SWID (Software Identification Tag) is an ISO/IEC standard (19770-2) that predates SPDX and CycloneDX. It originated in the asset-management and inventory world rather than open-source supply chain.

Format. XML. Each SWID tag is metadata about a single installed software product on an endpoint.

Strengths. Designed for endpoint inventory: "what is installed on this machine?" Well-supported in enterprise asset-management tools. Includes integrity tags for tamper-evidence.

Weaknesses. Not built around the package-manager-and-dependency model that npm, PyPI, Maven, etc. use. Treats software as a single product per machine; less natural for component-level dependency listings.

When to choose it. When the SBOM consumer is asset management or compliance reporting at the endpoint level. When you are required by procurement to deliver SWID tags.

How they relate

The three formats are not mutually exclusive. Many tools can convert between SPDX and CycloneDX. SWID lives somewhat apart and is mostly a separate workflow.

A pragmatic stack:

  • Generate CycloneDX in CI for each build (most ecosystems have first-class generators: cyclonedx-bom for npm, cyclonedx-py for Python, cyclonedx-maven-plugin for Java). Use this for vulnerability correlation.
  • Generate SPDX for compliance handoff if your buyer requires it.

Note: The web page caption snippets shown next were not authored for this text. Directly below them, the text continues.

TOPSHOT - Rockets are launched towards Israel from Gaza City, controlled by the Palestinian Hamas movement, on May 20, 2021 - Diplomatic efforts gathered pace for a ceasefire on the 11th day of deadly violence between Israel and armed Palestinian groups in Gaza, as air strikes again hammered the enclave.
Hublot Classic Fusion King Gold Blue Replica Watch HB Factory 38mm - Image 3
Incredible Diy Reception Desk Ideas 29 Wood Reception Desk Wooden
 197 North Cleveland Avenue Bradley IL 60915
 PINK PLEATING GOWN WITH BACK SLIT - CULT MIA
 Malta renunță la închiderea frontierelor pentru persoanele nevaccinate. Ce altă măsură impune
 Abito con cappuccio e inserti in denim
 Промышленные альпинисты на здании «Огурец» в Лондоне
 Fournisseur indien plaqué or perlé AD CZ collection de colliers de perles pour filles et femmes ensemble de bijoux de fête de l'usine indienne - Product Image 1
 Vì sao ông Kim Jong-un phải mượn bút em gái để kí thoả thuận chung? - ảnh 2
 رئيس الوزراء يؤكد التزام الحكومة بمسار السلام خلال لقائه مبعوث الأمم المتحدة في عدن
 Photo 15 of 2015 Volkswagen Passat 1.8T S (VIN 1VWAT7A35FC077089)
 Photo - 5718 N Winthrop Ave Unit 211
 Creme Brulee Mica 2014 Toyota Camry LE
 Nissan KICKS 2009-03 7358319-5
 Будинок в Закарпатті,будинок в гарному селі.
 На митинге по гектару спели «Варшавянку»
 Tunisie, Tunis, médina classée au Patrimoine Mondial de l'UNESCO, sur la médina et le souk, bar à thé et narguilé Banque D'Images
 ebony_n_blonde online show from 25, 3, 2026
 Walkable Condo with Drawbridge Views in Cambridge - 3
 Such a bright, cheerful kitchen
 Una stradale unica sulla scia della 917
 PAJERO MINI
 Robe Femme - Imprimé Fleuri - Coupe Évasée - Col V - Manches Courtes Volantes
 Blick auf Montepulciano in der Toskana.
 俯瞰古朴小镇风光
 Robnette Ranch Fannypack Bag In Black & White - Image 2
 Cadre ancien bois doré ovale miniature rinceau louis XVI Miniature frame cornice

Convert from CycloneDX if needed.
  • Add SWID tags if you ship installable software products to enterprises that require them.

Identifiers across formats

All three formats can include identifiers, but the canonical ones are:

  • purl (package URL): a string scheme that uniquely identifies a package across ecosystems, e.g. pkg:npm/lodash@4.17.21. Both CycloneDX and SPDX support purl natively.
  • CPE (Common Platform Enumeration): NIST's identifier scheme used in CVE data. Useful for joining SBOM components against the National Vulnerability Database.
  • SHA-256 hash: the canonical content-addressed identifier. Always include it.

If you produce one SBOM and want it to be useful across consumers, include all three identifiers per component.

Takeaway

Pick CycloneDX for security workflows, SPDX for compliance and license-heavy consumers, SWID only when explicitly required. Generate at every build, store with the build artifact, and verify on consumption. The format matters less than producing one consistently and tying each line item to a verifiable identifier.